[Assignment]
Below is a listing; restate from it, character for character, the lines beginning at the line holding "Mid Century Sessel" and ending at the line holding "Plecak damski z", both included.

Start of The input

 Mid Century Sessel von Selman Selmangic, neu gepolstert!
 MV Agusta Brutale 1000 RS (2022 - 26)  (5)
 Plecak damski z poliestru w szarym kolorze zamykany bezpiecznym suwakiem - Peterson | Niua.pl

End of The input
Start of The input

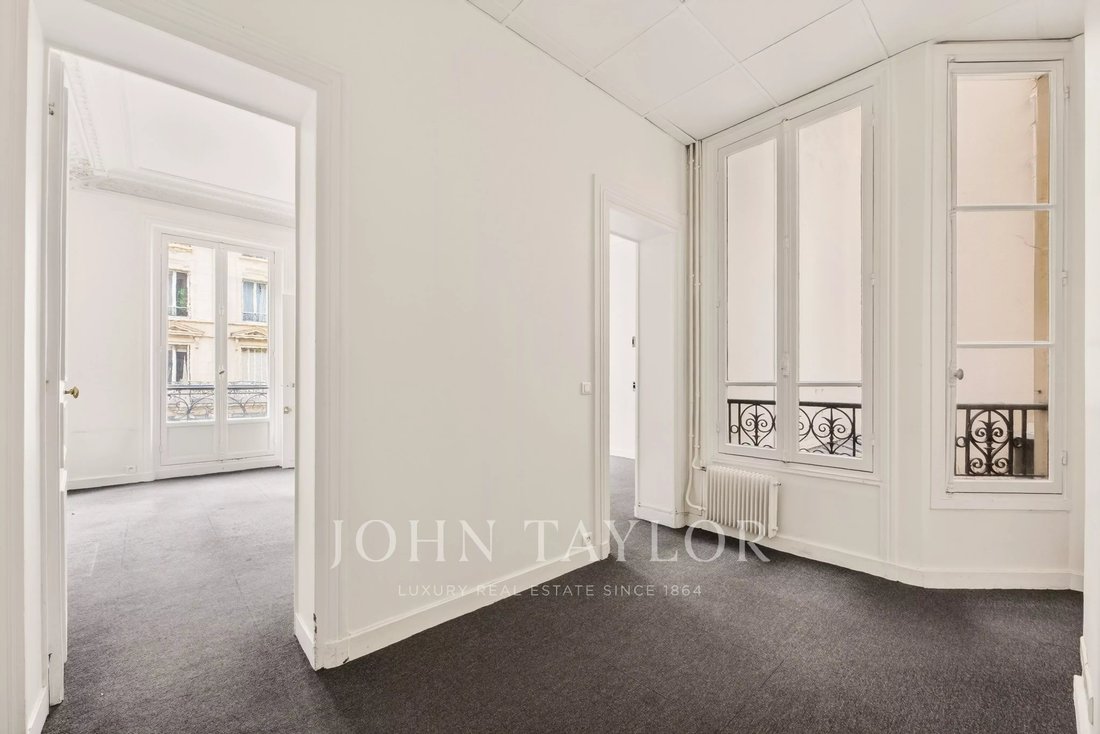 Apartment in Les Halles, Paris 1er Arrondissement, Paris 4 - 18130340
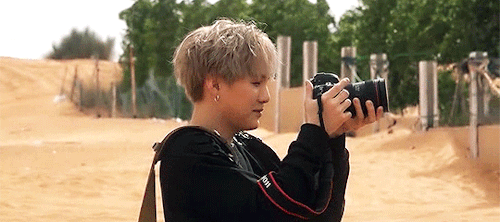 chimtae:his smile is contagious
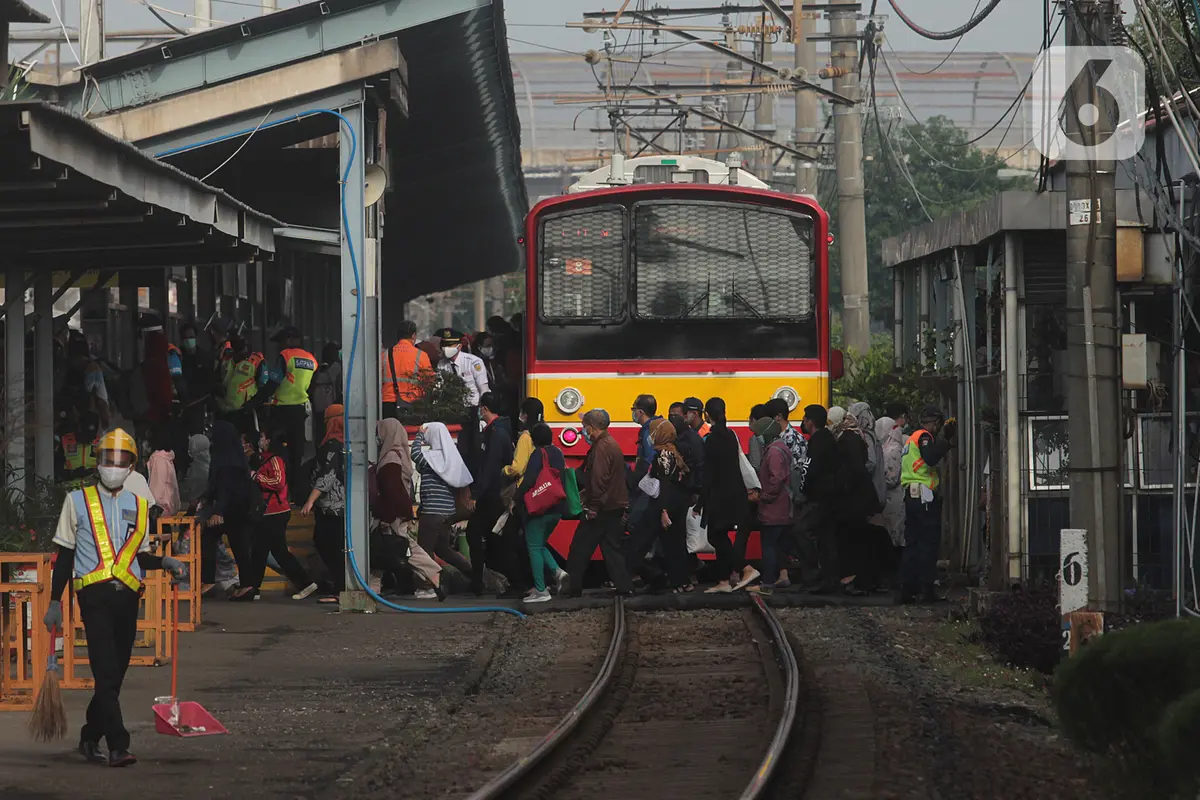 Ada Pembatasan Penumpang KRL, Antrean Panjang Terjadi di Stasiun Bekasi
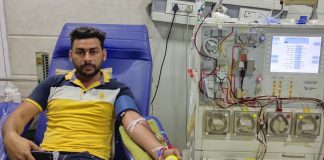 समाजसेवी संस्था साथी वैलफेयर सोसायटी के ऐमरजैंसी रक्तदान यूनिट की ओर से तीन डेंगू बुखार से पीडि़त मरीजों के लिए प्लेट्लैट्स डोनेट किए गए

End of The input

[Response box]
 Mid Century Sessel von Selman Selmangic, neu gepolstert!
 MV Agusta Brutale 1000 RS (2022 - 26)  (5)
 Plecak damski z poliestru w szarym kolorze zamykany bezpiecznym suwakiem - Peterson | Niua.pl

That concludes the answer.